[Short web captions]
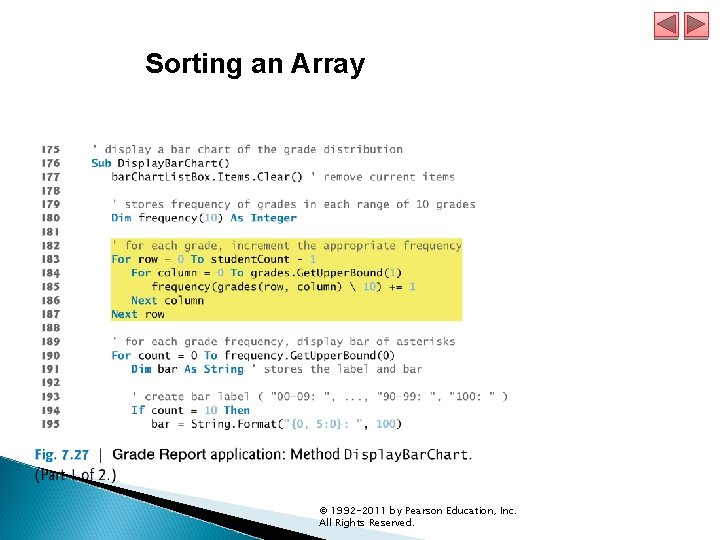 Sorting an Array © 1992 -2011 by Pearson Education, Inc. All Rights Reserved. Sorting an Array © 1992 -2011 by Pearson Education, Inc. All Rights Reserved.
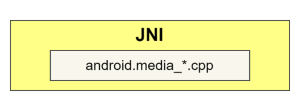 03-java-native-interface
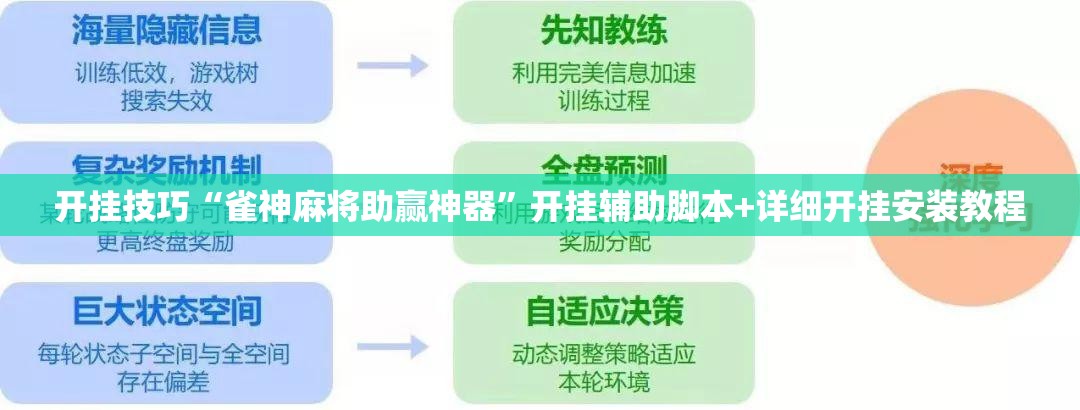 开挂技巧“雀神麻将助赢神器”开挂辅助脚本+详细开挂安装教程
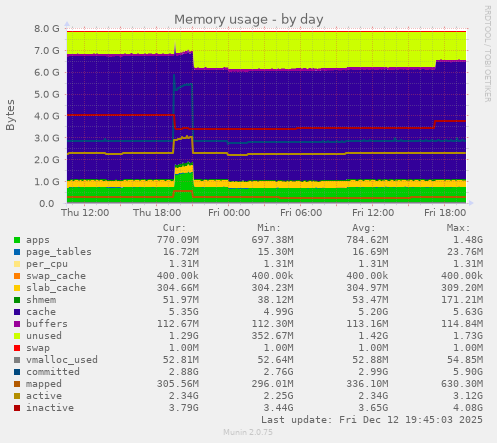 Memory usage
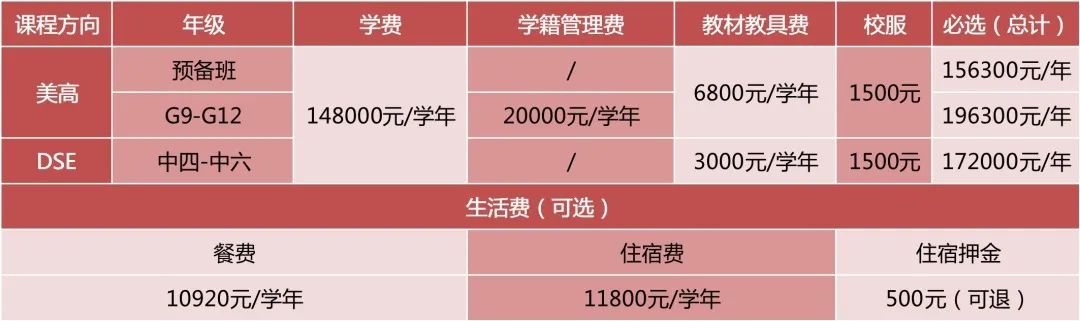 深圳市石巖公學橘郡國際課程中心收費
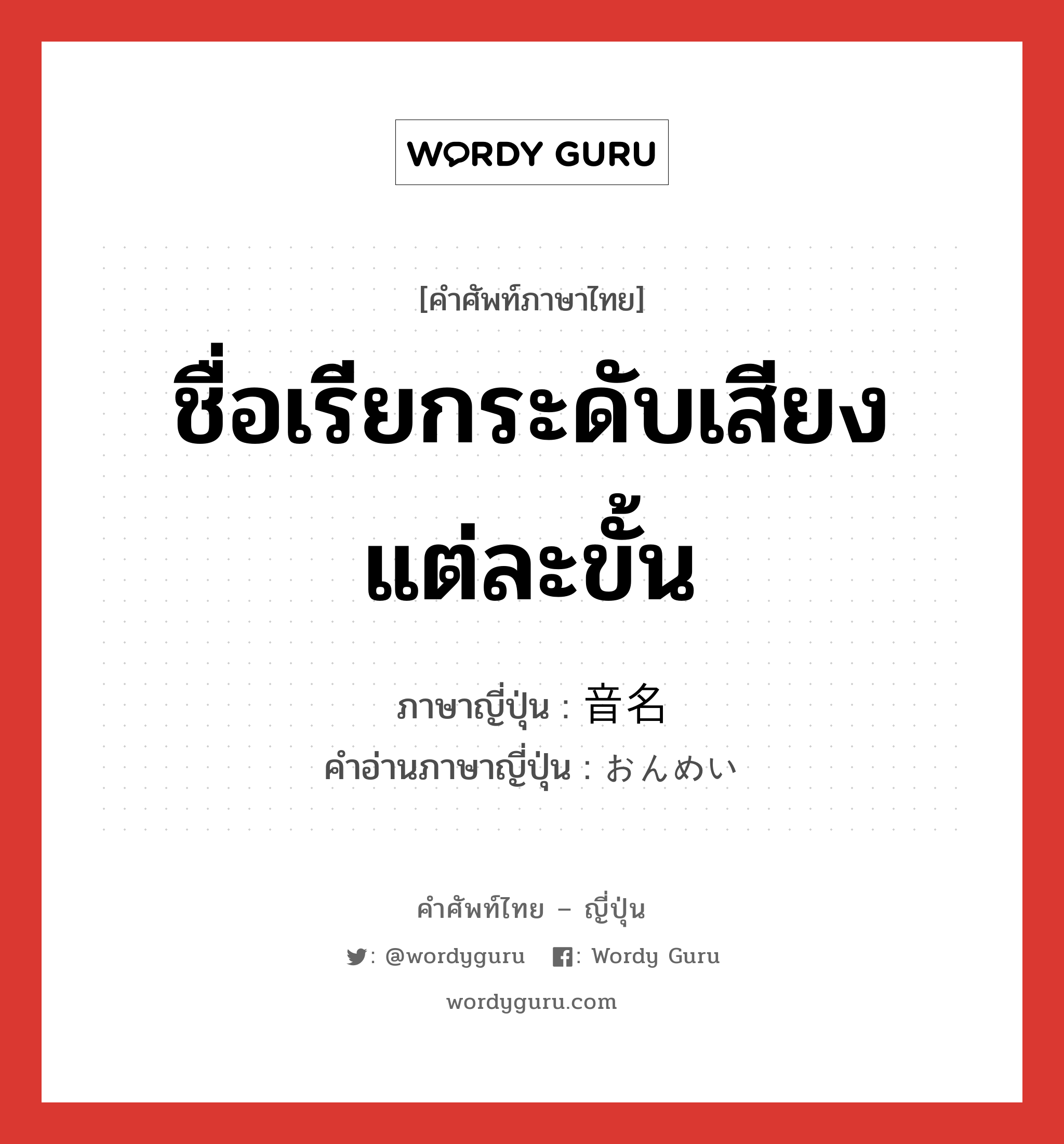 ชื่อเรียกระดับเสียงแต่ละขั้น ภาษาญี่ปุ่นคืออะไร, คำศัพท์ภาษาไทย - ญี่ปุ่น ชื่อเรียกระดับเสียงแต่ละขั้น ภาษาญี่ปุ่น 音名 คำอ่านภาษาญี่ปุ่น おんめい หมวด n หมวด n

[Instructions for the task]
Although the records include pictures, the copy should reproduce every line exactly and none of the pictures.

[Response to the exercise]
 Sorting an Array © 1992 -2011 by Pearson Education, Inc. All Rights Reserved. Sorting an Array © 1992 -2011 by Pearson Education, Inc. All Rights Reserved.
 03-java-native-interface
 开挂技巧“雀神麻将助赢神器”开挂辅助脚本+详细开挂安装教程
 Memory usage
 深圳市石巖公學橘郡國際課程中心收費
 ชื่อเรียกระดับเสียงแต่ละขั้น ภาษาญี่ปุ่นคืออะไร, คำศัพท์ภาษาไทย - ญี่ปุ่น ชื่อเรียกระดับเสียงแต่ละขั้น ภาษาญี่ปุ่น 音名 คำอ่านภาษาญี่ปุ่น おんめい หมวด n หมวด n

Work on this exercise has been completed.